**EXERCISE BRIEF:** Copy exactly the lines of the records below, starting at the line that contains "SINAIA, ROMANIA - 3" and continuing through the last line, both included; omit any pictures.

====================

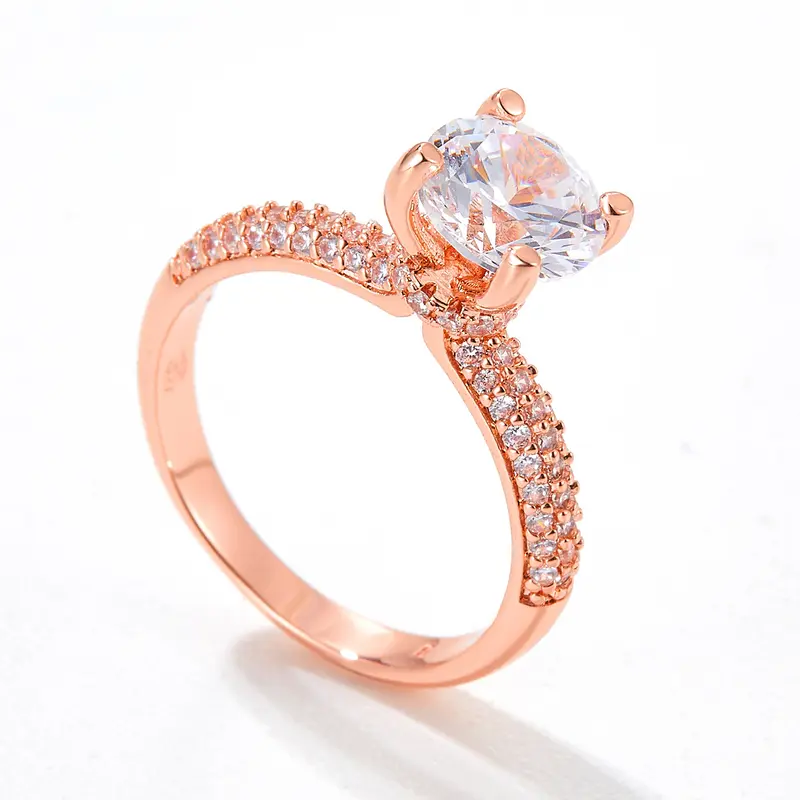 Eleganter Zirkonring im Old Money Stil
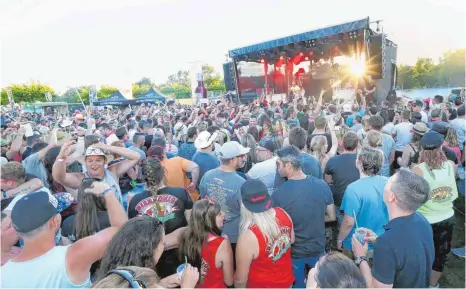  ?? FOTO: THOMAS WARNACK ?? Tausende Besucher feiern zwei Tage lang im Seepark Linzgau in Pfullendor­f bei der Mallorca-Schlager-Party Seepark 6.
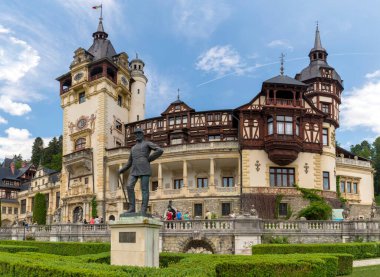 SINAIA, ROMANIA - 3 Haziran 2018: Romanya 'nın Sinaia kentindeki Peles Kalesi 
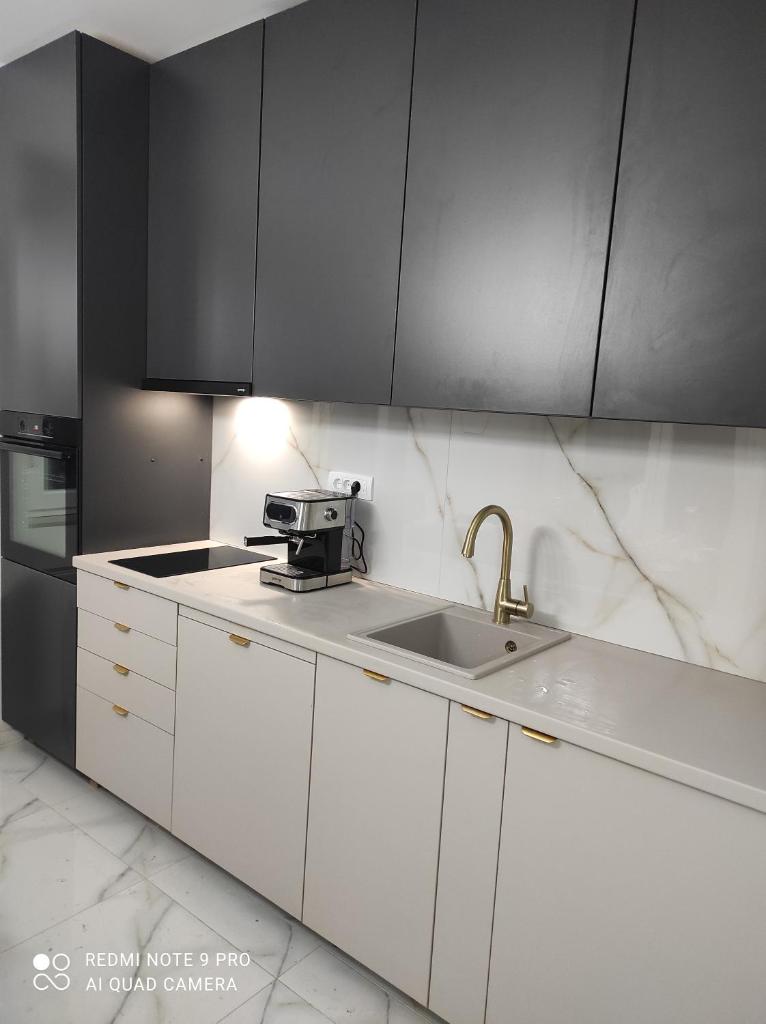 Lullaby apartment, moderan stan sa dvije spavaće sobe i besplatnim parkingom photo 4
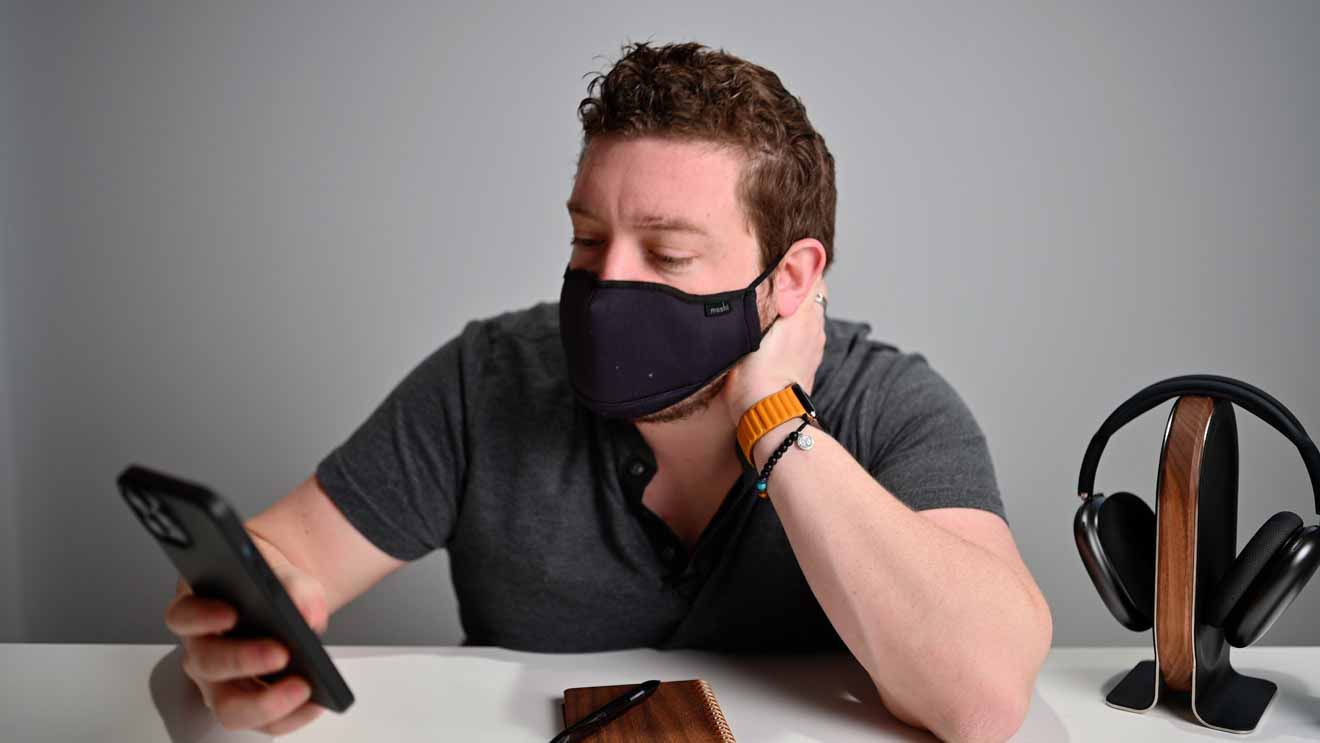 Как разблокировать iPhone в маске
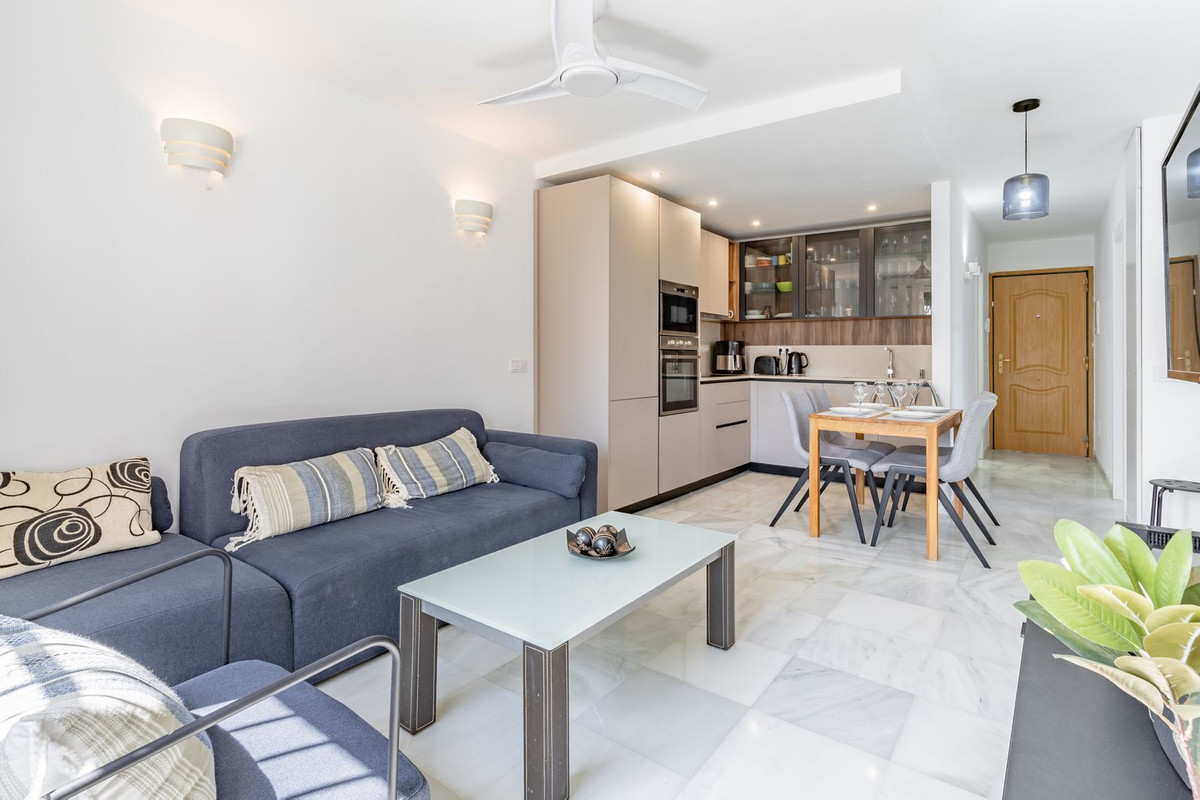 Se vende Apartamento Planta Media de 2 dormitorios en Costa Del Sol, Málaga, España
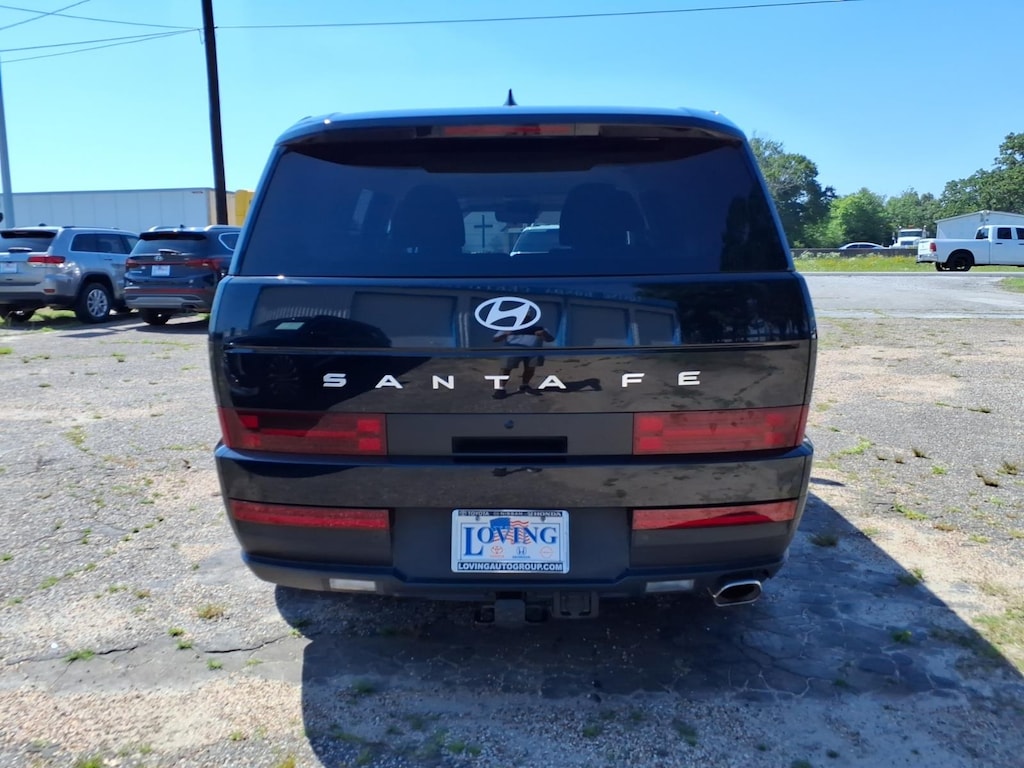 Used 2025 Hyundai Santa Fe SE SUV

====================

**SOLUTION FOR THIS PROBLEM:**
 SINAIA, ROMANIA - 3 Haziran 2018: Romanya 'nın Sinaia kentindeki Peles Kalesi 
 Lullaby apartment, moderan stan sa dvije spavaće sobe i besplatnim parkingom photo 4
 Как разблокировать iPhone в маске
 Se vende Apartamento Planta Media de 2 dormitorios en Costa Del Sol, Málaga, España
 Used 2025 Hyundai Santa Fe SE SUV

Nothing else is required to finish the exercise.